Connor menampar wajah Tyler belasan kali sebelum berhenti. Saat itu, Tyler sudah babak belur dipukuli oleh Connor. Dia tampak sengsara, dan terus bergumam tanpa henti.

 

“Apakah kau menyerah?” tanya Connor lembut kepada Tyler.

 

“Aku menyerah…” Tyler tidak ragu-ragu dan buru-buru mengangguk ke arah Connor.

 

“Apakah kau masih ingin berkelahi denganku?” tanya Connor.

 

“Tidak…” Tyler menggelengkan kepalanya dan berkata, “Aku peringatkan kau, jika kau berani mengganggu Vanessa lagi, aku akan menghajarmu habis-habisan. Lain kali, aku tidak akan membiarkanmu lolos begitu saja, kau mengerti?”

 

“Ya…” Tyler mengangguk lagi. Dia tahu bahwa Connor kuat. Dia jelas bukan tandingan Connor sendirian. Jika dia tidak menyerah sekarang, dia mungkin akan dipukuli lagi. Itulah mengapa Tyler setuju begitu saja.

 

“Apakah kamu benar-benar mengerti?” Connor menatap Tyler dan tersenyum.

 

“Aku serius. Aku tidak akan mengganggu Vanessa lagi!” Tyler tampak hampir pingsan saat berteriak pada Connor.

 

“Aku tahu kau pasti sangat tidak puas sekarang. Kau pasti sedang memikirkan bagaimana cara membalas dendam padaku, kan?” kata Connor sambil tersenyum.

 

Tyler langsung tercengang setelah mendengar kata-kata Connor. Dia sangat gugup.

 

“Aku tahu orang sepertimu tidak akan menyerah semudah itu. Jika kau ingin membalas dendam padaku, silakan, tapi sebaiknya kau hadapi aku dulu. Jangan mendekati Vanessa.
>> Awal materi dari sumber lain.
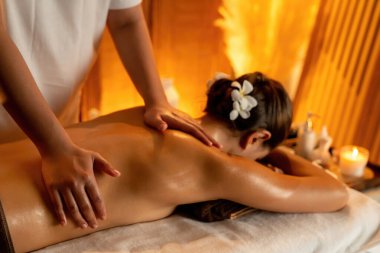 Beyaz kadın müşteri stres önleyici spa masajının keyfini çıkarıyor ve lüks otel ya da otelde sıcak mum ışığında güzellik teniyle eğleniyor. Sessiz.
Jika aku tahu kau masih mengganggu Vanessa, aku pasti akan membuatmu menyesalinya seumur hidup!” bisik Connor kepada Tyler.

 

“Jangan… Jangan khawatir, aku pasti tidak akan berani!” Tyler tergagap saat berseru.

 

“Pergi sana!” kata Connor kepada Tyler tanpa ekspresi.

 

Ketika Tyler mendengar kata-kata Connor, dia sama sekali tidak ragu. Dia berbalik dan berlari menuju tangga. Ketika Vanessa melihat Tyler melarikan diri, dia akhirnya sedikit tenang. Connor berjalan ke sisi Vanessa lalu berbisik padanya, “Vanessa, kau tidak perlu khawatir. Dia mungkin tidak akan berani mengganggumu lagi. Dia sudah sangat ketakutan karena aku…”

 

“Lalu, apakah dia akan membalas dendam padamu?” Vanessa ragu sejenak sebelum bertanya kepada Connor dengan suara rendah.

 

“Vanessa, kau sudah lama mengenalku. Siapakah aku? Sekalipun dia punya seratus nyali, dia tidak akan berani mencari masalah denganku!” kata Connor sambil mengantar Vanessa kembali ke tempatnya.

 

Setelah memasuki tempatnya, Vanessa ragu sejenak, lalu berbisik kepada Connor, “Connor, terima kasih atas apa yang telah kau lakukan…”

 

“Kau tak perlu berterima kasih padaku. Kita berteman, dan kau sudah banyak membantuku dengan tetap tinggal di Newtown. Ini bukan sesuatu yang perlu dibicarakan…” kata Connor kepada Vanessa sambil tersenyum.

 

Vanessa menatap Connor dan ragu sejenak sebelum berkata pelan, “Ayo makan. Yang ingin kulakukan hanyalah memasak makanan untukmu. Aku tidak menyangka hal seperti ini akan terjadi…”

 

“Tidak apa-apa…” Connor tersenyum tipis, lalu duduk di meja makan dan mulai makan.

 

Mungkin karena kejadian barusan, Vanessa sedikit gelisah dan tampak agak linglung. Connor tidak mengatakan apa pun dan hanya makan dengan tenang.

 

“Connor…” Vanessa memanggil setelah ragu-ragu cukup lama.

 

“Ada apa?” Connor perlahan mendongak menatap Vanessa.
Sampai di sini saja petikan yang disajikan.